#### Work order
Task for the records below: please retype exactly and only the lines from the first through the one with "Sunflower Graphic Tee - Trendy Black T-Shirt", with every picture omitted.

========

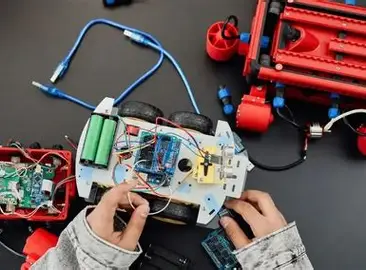 Basics of Electronics and Robotics course introducing circuits, sensors, motors, and beginner robotics.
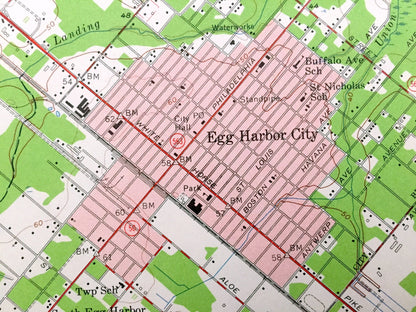 Antique Egg Harbor City, New Jersey 1956 US Geological Survey Topographic Map —  Hamilton, Mullica, Galloway, Devonshire, Elwood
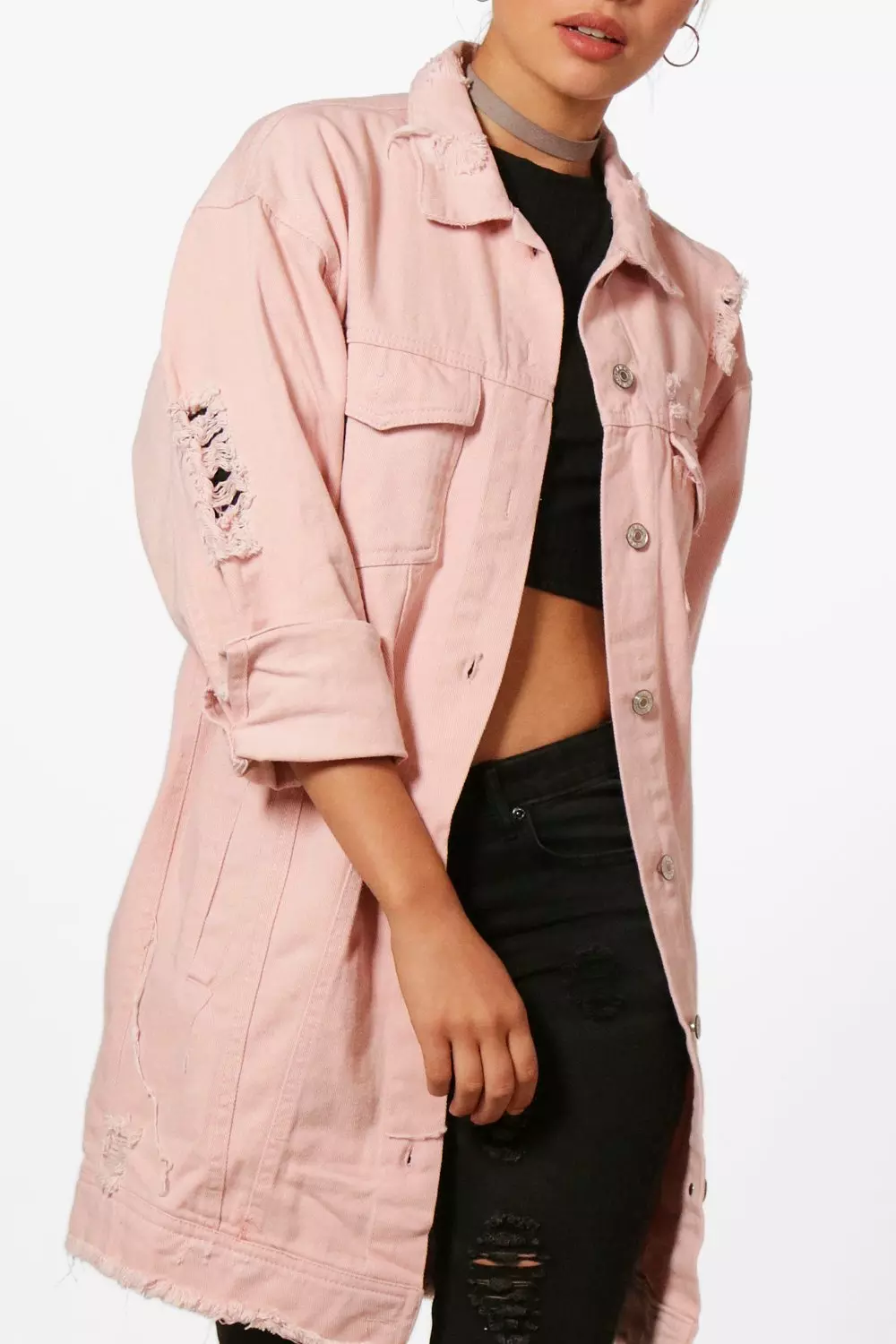 Pink longline denim clearance jacket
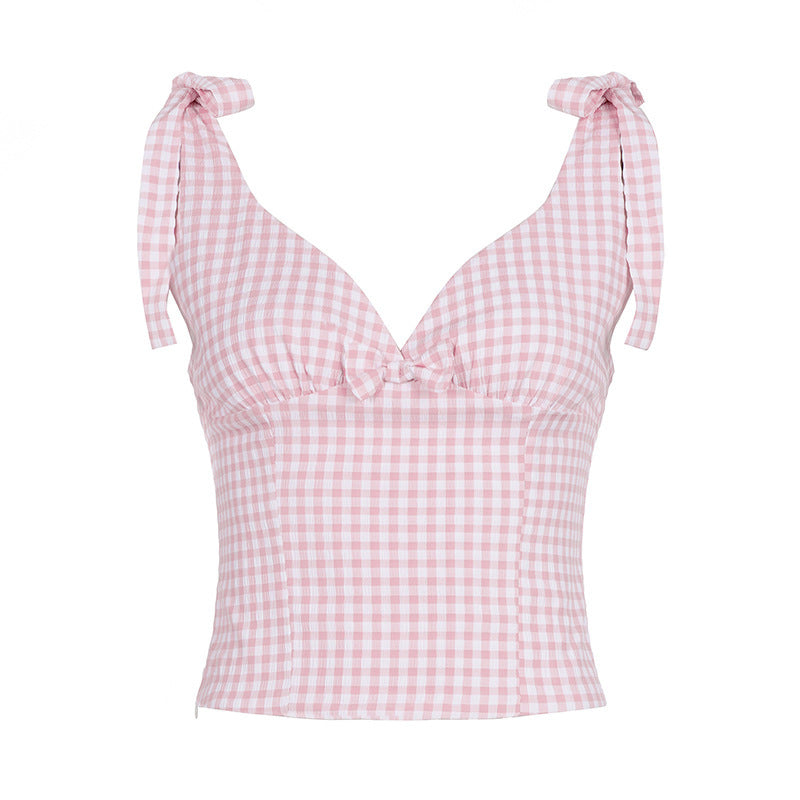 Damen V-Ausschnitt Top mit Bindedetails im Karomuster EB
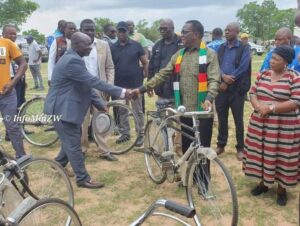 Zimbabwe President Donates 54 Bicycles To Village Heads As Christmas Gift (PHOTOS)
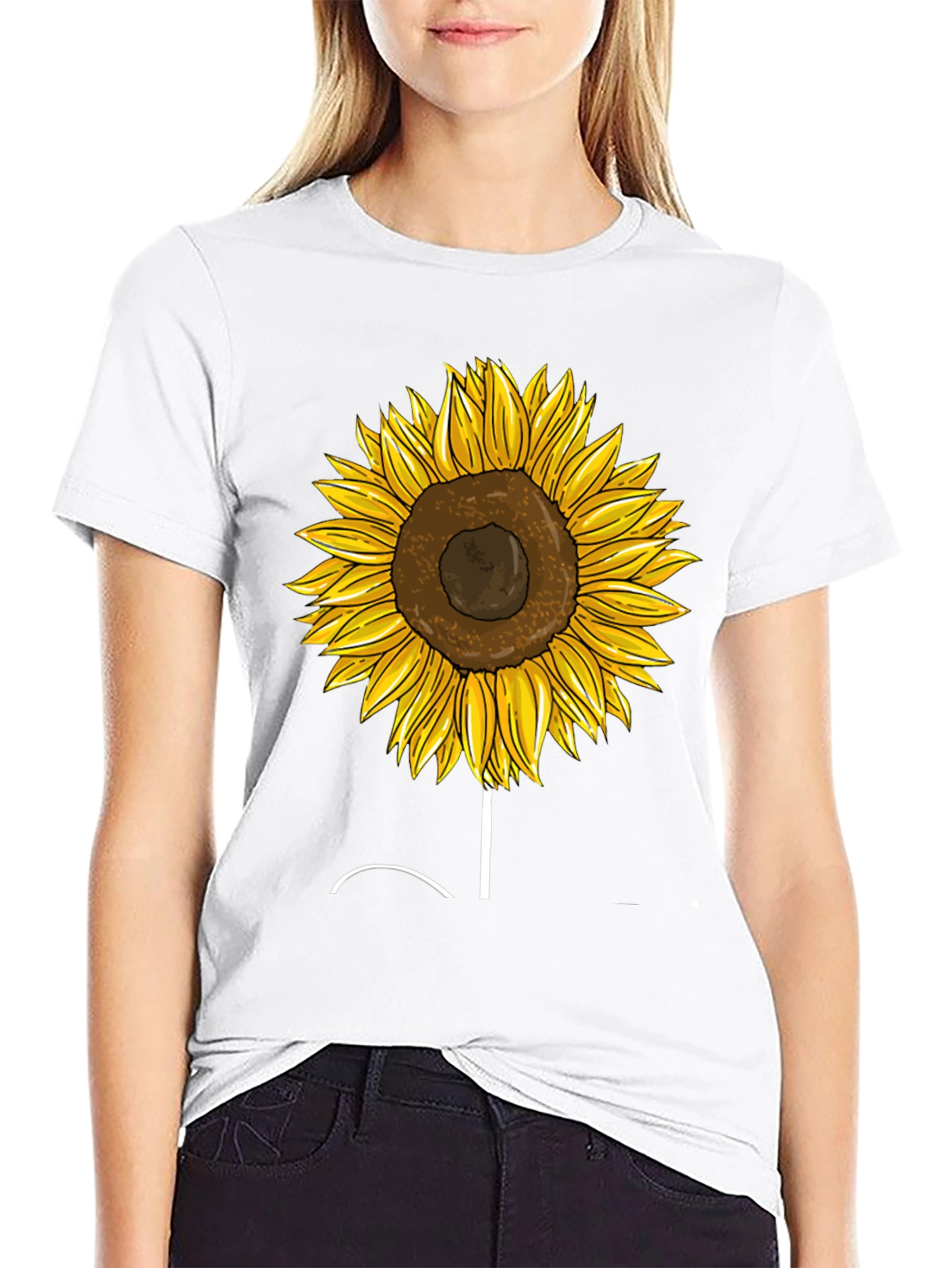 Sunflower Graphic Tee - Trendy Black T-Shirt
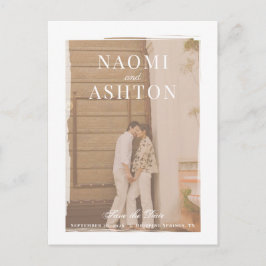 ブラシ仕上げオーバーレイ結婚式の日付を保存 ポストカード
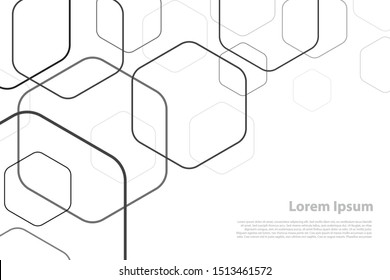 texture geometric pattern.Abstract paper Hexagon white background  pattern with copy space. Premium Vector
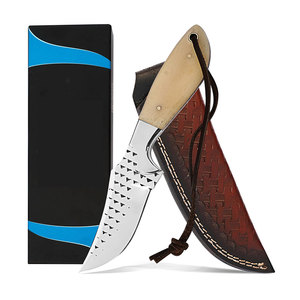 Cuchillos de hoja fija de grado DIY de marca privada con mango de madera y hoja de acero inoxidable de Damasco - OEM personalizable, MOQ bajo, máximo rendimiento - Product Image 1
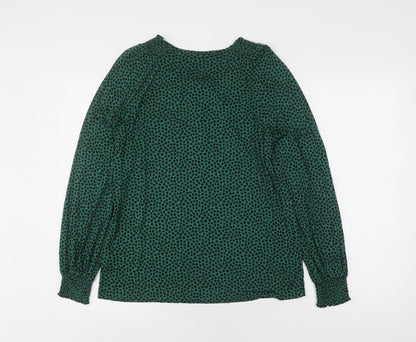 Boden Women's Green Floral Blouse UK 6 Long Sleeve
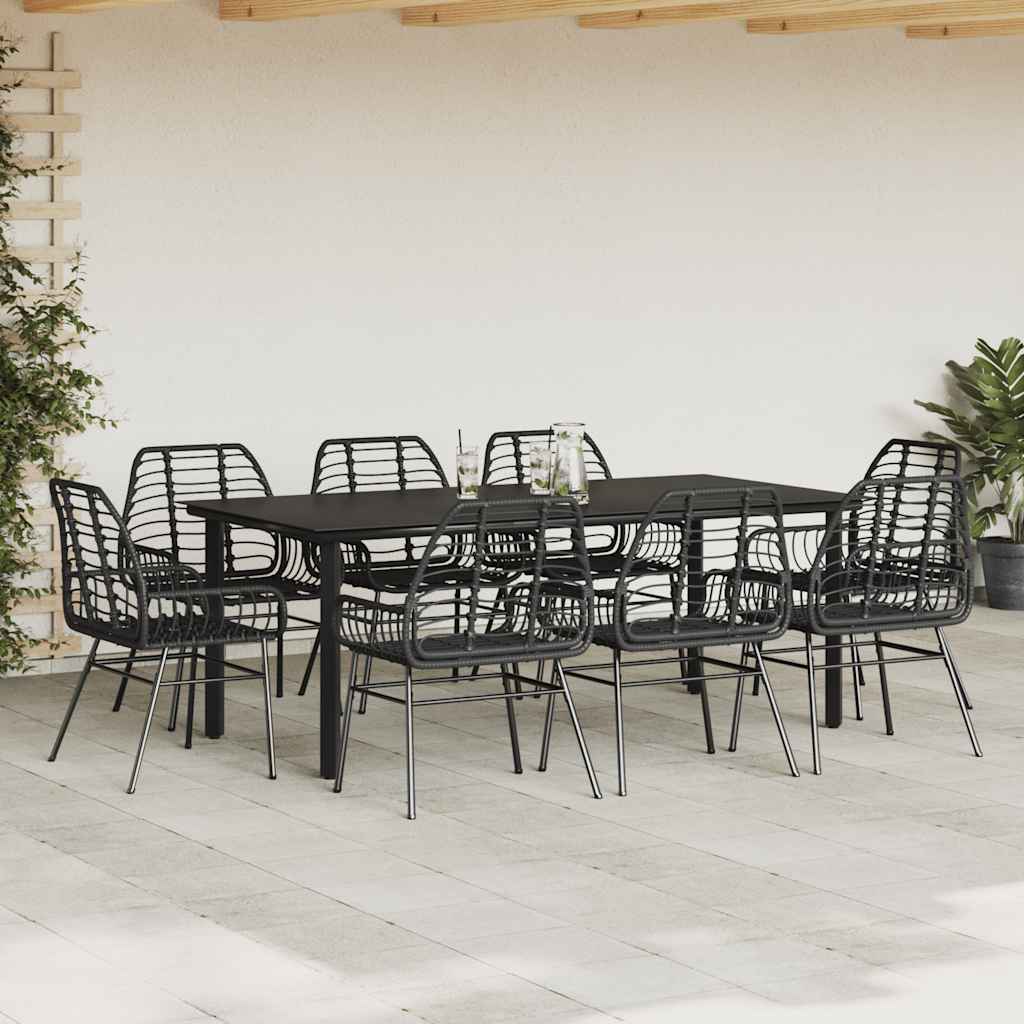 9 Piece Garden Dining Set Poly Rattan Glass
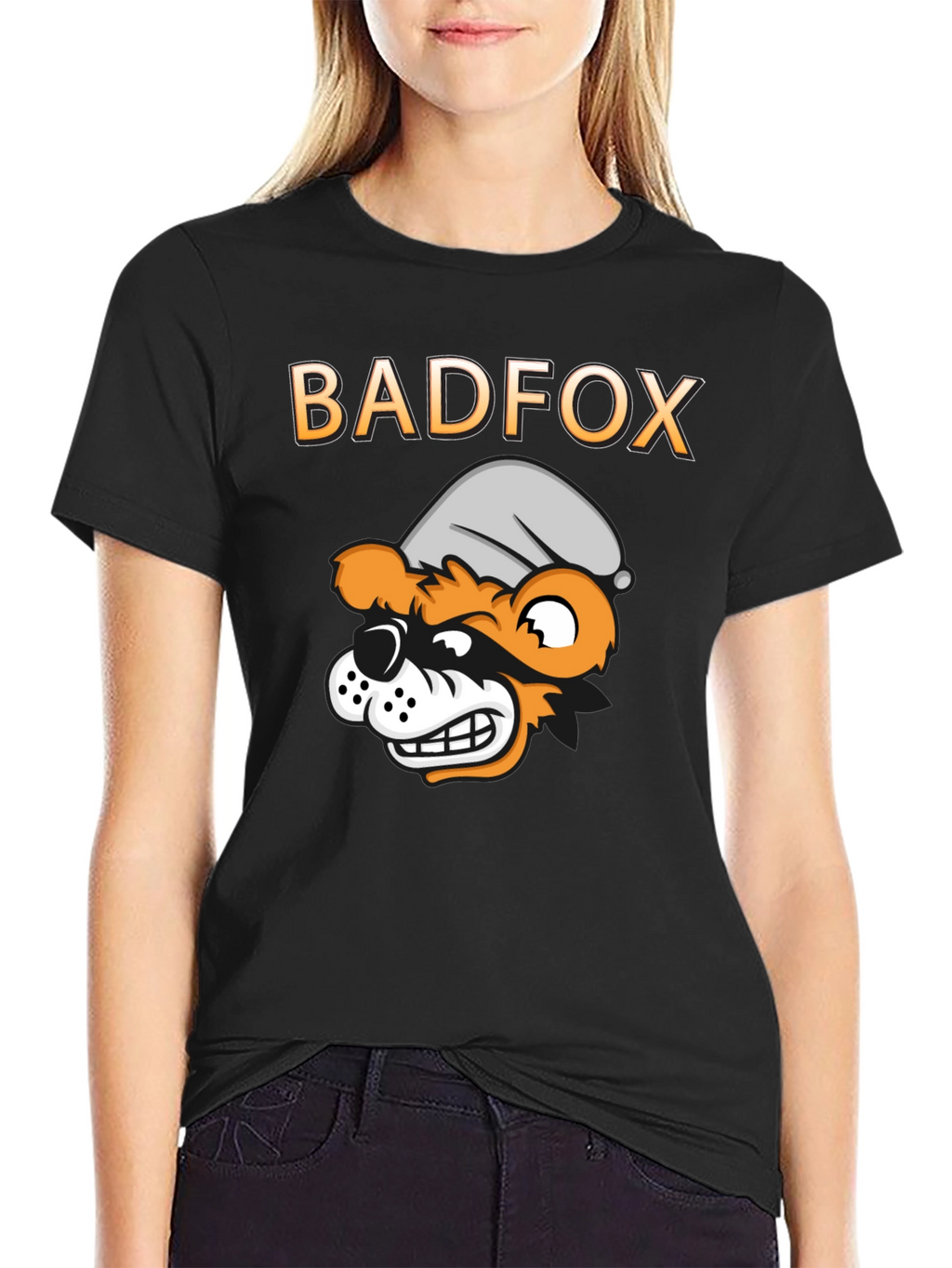 Bad Fox Cartoon Graphic Print T-Shirt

========

#### Task answer
 Basics of Electronics and Robotics course introducing circuits, sensors, motors, and beginner robotics.
 Antique Egg Harbor City, New Jersey 1956 US Geological Survey Topographic Map —  Hamilton, Mullica, Galloway, Devonshire, Elwood
 Pink longline denim clearance jacket
 Damen V-Ausschnitt Top mit Bindedetails im Karomuster EB
 Zimbabwe President Donates 54 Bicycles To Village Heads As Christmas Gift (PHOTOS)
 Sunflower Graphic Tee - Trendy Black T-Shirt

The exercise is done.